Er grüßte kühl und wandte sich ab.
Beim Essen versuchte Don Pedro, mit seinem Schwiegersohn ins Gespräch zu kommen:
—Javier, wie läuft die Arbeit? Ist sie zu stressig für dich?
Javier aß hastig und antwortete knapp: —Wie immer.
Die Stimmung wurde angespannt. Don Pedro lächelte jedoch weiter und erzählte von der Ernte und dem Leben im Dorf.
Javier hörte kaum zu, nickte nur gelegentlich und dachte innerlich gereizt:
„Was kann ein armer Bauer Interessantes über das Stadtleben wissen?“
María, die die Kälte ihres Mannes sah, litt still.

Am Nachmittag hatte Javier ein wichtiges Treffen mit dem Direktor einer großen Firma, einem potenziellen Geschäftspartner, um sein kriselndes Unternehmen zu retten.
Hastig bereitete er sich vor und ließ seinen Schwiegervater allein im Hof.
Kurz darauf klingelte es an der Tür. Ein Luxusauto hielt vor dem Haus, und ein elegant gekleideter Mann mittleren Alters stieg aus.
Javier lief ihm mit unterwürfigem Lächeln entgegen: —Direktor! Willkommen, treten Sie bitte ein.

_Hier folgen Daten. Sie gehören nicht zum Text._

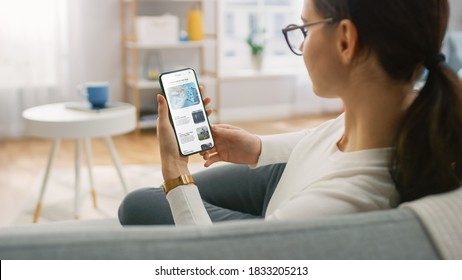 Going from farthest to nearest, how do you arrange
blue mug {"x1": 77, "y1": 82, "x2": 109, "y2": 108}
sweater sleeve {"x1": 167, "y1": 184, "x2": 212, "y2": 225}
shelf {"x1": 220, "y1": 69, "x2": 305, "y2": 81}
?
shelf {"x1": 220, "y1": 69, "x2": 305, "y2": 81} < blue mug {"x1": 77, "y1": 82, "x2": 109, "y2": 108} < sweater sleeve {"x1": 167, "y1": 184, "x2": 212, "y2": 225}

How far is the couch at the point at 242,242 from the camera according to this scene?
52 cm

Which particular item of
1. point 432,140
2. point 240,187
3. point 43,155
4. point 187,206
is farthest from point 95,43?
point 432,140

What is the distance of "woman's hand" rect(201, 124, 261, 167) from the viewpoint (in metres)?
1.24

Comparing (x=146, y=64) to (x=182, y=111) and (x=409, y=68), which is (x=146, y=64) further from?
(x=409, y=68)

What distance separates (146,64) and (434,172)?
372 cm

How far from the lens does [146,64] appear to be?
4277 millimetres

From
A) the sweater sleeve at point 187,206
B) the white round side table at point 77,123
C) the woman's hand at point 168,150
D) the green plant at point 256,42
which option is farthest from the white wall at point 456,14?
the sweater sleeve at point 187,206

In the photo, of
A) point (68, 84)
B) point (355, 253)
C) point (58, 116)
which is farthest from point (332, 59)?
point (68, 84)

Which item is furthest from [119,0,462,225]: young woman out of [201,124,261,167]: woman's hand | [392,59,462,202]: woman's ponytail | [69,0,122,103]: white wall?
[69,0,122,103]: white wall

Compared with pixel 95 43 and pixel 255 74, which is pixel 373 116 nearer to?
pixel 95 43

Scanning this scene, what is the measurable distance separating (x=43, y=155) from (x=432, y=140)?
10.4 ft

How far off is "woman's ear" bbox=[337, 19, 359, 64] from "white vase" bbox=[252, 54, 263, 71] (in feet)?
12.6

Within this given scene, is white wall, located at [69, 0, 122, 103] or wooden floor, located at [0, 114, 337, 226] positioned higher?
white wall, located at [69, 0, 122, 103]

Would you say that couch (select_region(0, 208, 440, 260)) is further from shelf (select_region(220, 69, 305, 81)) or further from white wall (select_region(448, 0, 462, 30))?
white wall (select_region(448, 0, 462, 30)) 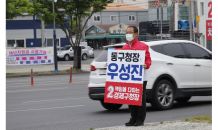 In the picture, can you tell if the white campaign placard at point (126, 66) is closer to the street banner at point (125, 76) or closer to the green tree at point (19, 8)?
the street banner at point (125, 76)

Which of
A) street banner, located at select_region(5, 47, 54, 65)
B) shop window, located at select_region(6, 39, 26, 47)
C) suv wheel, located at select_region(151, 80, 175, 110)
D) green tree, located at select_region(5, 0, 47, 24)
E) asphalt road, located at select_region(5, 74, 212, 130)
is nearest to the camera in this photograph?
asphalt road, located at select_region(5, 74, 212, 130)

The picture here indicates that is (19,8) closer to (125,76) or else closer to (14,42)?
(125,76)

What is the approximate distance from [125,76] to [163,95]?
3.11 m

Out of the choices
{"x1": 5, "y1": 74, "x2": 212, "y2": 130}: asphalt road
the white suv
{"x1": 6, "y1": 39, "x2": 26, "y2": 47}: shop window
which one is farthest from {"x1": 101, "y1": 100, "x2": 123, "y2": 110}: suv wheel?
{"x1": 6, "y1": 39, "x2": 26, "y2": 47}: shop window

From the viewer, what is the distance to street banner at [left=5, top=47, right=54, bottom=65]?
32.9 metres

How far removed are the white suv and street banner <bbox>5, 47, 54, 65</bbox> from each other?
24000 mm

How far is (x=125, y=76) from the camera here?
6824 millimetres

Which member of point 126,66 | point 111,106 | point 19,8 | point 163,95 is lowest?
point 111,106

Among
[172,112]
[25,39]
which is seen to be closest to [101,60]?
[172,112]

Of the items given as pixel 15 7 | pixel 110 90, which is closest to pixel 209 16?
pixel 110 90

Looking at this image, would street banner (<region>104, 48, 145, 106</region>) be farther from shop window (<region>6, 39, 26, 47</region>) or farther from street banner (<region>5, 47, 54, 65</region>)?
shop window (<region>6, 39, 26, 47</region>)

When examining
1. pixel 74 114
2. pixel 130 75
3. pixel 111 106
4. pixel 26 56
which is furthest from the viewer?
pixel 26 56

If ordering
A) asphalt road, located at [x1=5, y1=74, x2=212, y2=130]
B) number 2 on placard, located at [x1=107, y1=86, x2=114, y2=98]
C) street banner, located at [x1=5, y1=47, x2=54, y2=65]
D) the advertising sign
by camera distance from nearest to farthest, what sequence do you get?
1. number 2 on placard, located at [x1=107, y1=86, x2=114, y2=98]
2. the advertising sign
3. asphalt road, located at [x1=5, y1=74, x2=212, y2=130]
4. street banner, located at [x1=5, y1=47, x2=54, y2=65] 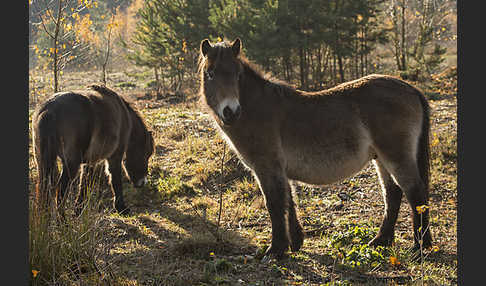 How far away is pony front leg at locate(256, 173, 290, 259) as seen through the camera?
4.65 metres

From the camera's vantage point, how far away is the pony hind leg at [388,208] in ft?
16.1

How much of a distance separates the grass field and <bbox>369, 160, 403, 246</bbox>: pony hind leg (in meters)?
0.18

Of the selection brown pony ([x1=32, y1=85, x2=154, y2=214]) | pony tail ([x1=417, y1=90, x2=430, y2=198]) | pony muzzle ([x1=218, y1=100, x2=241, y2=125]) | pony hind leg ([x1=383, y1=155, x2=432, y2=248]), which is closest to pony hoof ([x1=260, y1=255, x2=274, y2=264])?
pony muzzle ([x1=218, y1=100, x2=241, y2=125])

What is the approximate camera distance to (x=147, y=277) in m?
3.98

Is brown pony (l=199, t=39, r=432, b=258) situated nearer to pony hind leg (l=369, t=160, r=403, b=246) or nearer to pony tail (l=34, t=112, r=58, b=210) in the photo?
pony hind leg (l=369, t=160, r=403, b=246)

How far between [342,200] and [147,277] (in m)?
3.76

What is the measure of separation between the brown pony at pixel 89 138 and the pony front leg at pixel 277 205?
2.34 m

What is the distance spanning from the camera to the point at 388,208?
5004 millimetres

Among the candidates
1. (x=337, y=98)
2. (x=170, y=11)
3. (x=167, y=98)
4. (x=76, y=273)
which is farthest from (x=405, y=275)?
(x=170, y=11)

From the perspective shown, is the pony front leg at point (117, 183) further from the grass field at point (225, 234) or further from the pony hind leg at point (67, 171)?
the pony hind leg at point (67, 171)

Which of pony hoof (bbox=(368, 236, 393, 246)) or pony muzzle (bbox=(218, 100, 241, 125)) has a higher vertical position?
pony muzzle (bbox=(218, 100, 241, 125))

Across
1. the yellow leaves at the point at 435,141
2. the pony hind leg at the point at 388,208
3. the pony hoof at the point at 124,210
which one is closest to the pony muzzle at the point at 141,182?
the pony hoof at the point at 124,210

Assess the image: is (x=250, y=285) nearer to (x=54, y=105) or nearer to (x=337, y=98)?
(x=337, y=98)

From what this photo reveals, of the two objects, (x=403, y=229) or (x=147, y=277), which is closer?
(x=147, y=277) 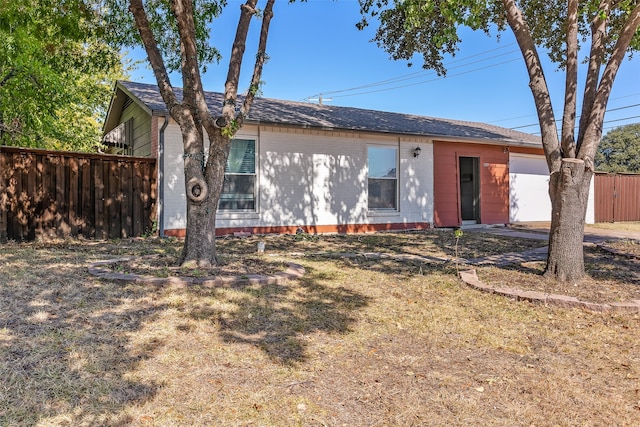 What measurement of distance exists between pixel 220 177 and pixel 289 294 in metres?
1.85

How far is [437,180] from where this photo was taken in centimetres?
1237

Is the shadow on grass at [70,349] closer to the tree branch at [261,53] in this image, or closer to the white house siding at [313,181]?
the tree branch at [261,53]

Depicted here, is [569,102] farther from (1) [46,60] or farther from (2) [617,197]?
(2) [617,197]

Doch als der Mann eintrat, erstarrte Javier. Der Besucher ging direkt zu Don Pedro, der still saß, und sprach respektvoll:
—Guten Tag, Don Pedro. Ich bin Alejandro Ramírez, Direktor der ABC Company, und ich komme wie vereinbart.

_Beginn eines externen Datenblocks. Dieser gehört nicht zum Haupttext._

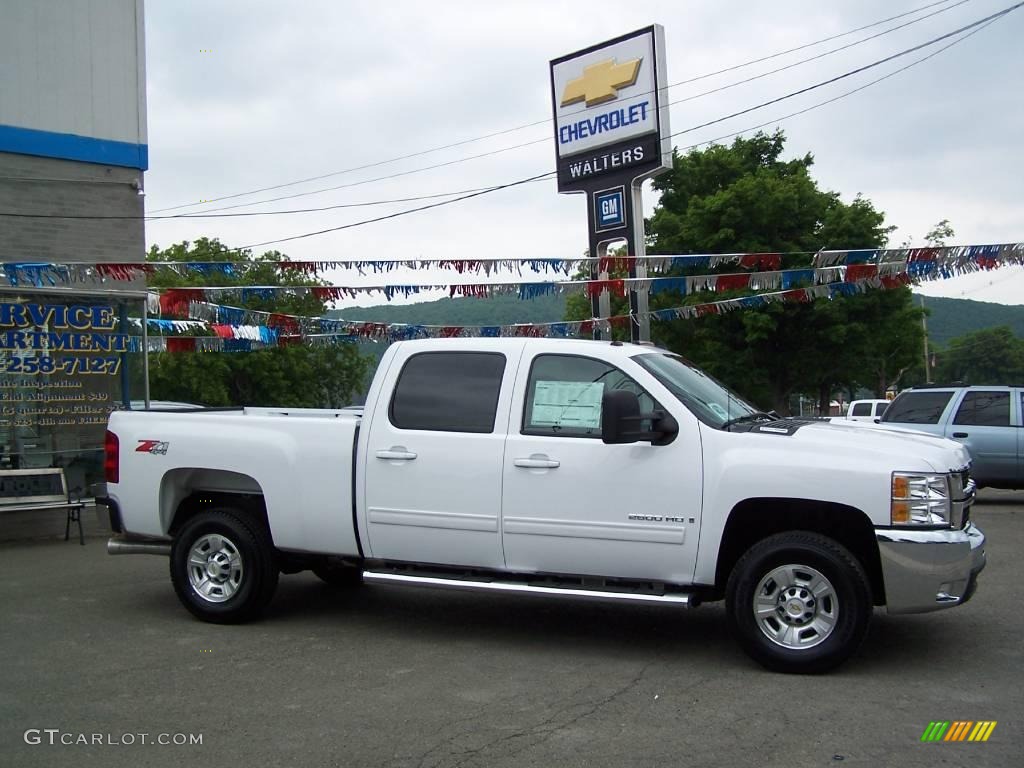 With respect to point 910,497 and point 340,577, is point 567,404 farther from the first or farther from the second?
point 340,577

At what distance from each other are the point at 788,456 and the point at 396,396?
268 cm

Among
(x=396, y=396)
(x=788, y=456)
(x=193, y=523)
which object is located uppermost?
(x=396, y=396)

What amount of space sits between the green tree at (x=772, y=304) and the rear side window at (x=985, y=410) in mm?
13240

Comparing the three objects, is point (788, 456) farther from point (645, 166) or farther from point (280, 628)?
point (645, 166)

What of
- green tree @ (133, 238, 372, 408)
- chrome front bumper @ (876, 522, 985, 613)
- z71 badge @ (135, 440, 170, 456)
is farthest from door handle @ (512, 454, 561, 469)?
green tree @ (133, 238, 372, 408)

Javiers Kinn klappte herunter. Der „Direktor“, von dem er sich eine Partnerschaft erhofft hatte, behandelte seinen Schwiegervater mit größtem Respekt.

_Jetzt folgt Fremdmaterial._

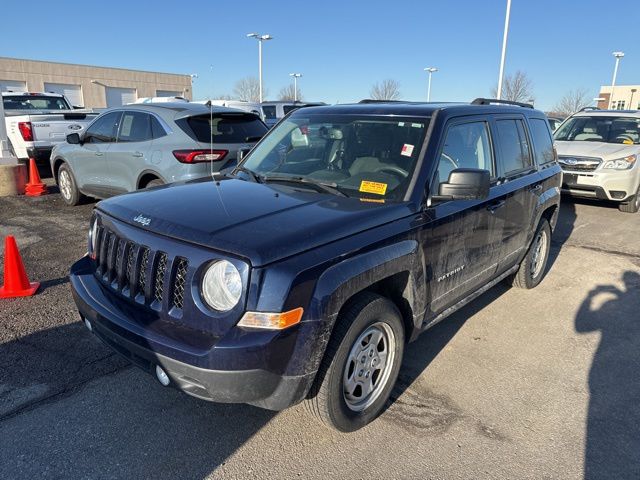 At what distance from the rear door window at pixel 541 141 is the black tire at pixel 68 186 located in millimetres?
6987

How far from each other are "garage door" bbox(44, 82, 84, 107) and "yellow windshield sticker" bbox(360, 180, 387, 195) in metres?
53.7

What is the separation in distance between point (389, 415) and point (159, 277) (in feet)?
5.56

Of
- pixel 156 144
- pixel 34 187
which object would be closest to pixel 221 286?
pixel 156 144

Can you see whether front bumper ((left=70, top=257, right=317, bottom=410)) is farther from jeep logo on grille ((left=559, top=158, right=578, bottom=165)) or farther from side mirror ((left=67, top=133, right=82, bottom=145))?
jeep logo on grille ((left=559, top=158, right=578, bottom=165))

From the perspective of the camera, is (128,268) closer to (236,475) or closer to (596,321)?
(236,475)

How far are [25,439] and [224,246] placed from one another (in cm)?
168

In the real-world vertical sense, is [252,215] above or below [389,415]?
above

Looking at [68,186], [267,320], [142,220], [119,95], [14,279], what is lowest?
[14,279]

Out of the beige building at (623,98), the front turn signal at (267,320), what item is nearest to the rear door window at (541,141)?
the front turn signal at (267,320)

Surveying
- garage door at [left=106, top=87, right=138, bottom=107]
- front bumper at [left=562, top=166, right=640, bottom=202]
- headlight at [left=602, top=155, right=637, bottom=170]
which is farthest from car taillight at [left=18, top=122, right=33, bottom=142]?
garage door at [left=106, top=87, right=138, bottom=107]

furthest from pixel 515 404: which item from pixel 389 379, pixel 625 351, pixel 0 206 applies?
pixel 0 206

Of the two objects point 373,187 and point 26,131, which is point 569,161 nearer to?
point 373,187

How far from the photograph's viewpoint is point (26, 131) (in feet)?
34.3

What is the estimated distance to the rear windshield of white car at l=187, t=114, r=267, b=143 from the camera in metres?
6.61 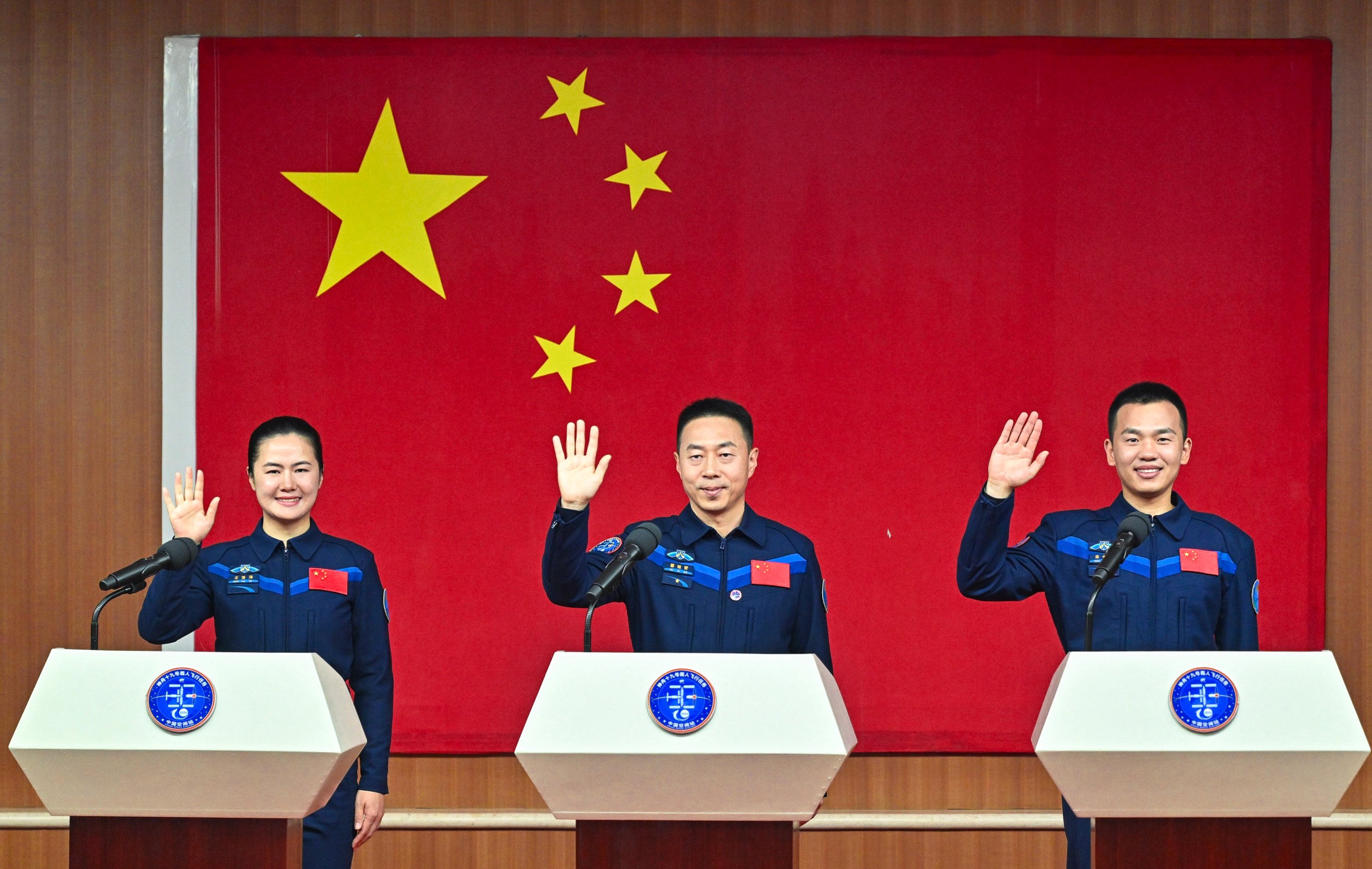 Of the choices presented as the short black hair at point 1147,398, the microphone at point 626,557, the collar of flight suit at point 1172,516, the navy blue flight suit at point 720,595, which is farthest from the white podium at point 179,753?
the short black hair at point 1147,398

Don Pedro lächelte ruhig und erklärte:
—Ich wollte nicht prahlen, aber seit Jahren habe ich meine Ersparnisse gemeinsam mit einigen Bekannten in diese Firma investiert.
Alejandro ist der Generaldirektor. Heute bin ich nicht nur gekommen, um meine Tochter zu besuchen, sondern auch, um die Eröffnung einer neuen Niederlassung in der Stadt zu besprechen.
Ich dachte, ich könnte euch bekannt machen, um eine mögliche Zusammenarbeit zu prüfen…
Javier sackte innerlich zusammen.
Er erinnerte sich an seine Gleichgültigkeit, die schroffen Antworten und die Verachtung, die er gezeigt hatte.
Alles, was er fühlte, war tiefe Reue. Er stammelte:
—Verzeihen Sie mir, Don Pedro… Ich wusste es nicht…

Der Schwiegervater seufzte und sagte langsam: —Ich verlange nicht, dass du mich wegen Geld respektierst.
Ich will nur, dass du meine Tochter liebst und die Familie schätzt.
Aber heute habe ich klar gesehen, was in deinem Herzen am schwersten wiegt.
Er stand auf, nahm seinen alten Rucksack und machte sich auf den Weg.
María brach in Tränen aus und versuchte, ihren Vater aufzuhalten. Javier hingegen wurde blass vor Reue.
Die goldene Chance war ihm wegen seines Stolzes und seiner Verachtung entglitten.

In dieser Nacht herrschte Stille im Haus.
Javier erkannte niedergeschlagen, dass wahrer Reichtum nicht in teuren Anzügen, vollen Geldbörsen oder Luxusautos zu finden ist, sondern in der Freundlichkeit und Würde der Menschen.
Und er begriff, dass er nicht nur eine Geschäftsmöglichkeit, sondern auch das Vertrauen seiner Frau und den Respekt seines Schwiegervaters verloren hatte – des bescheidenen Bauern, der tatsächlich Hauptaktionär der Firma war, von der er immer geträumt hatte.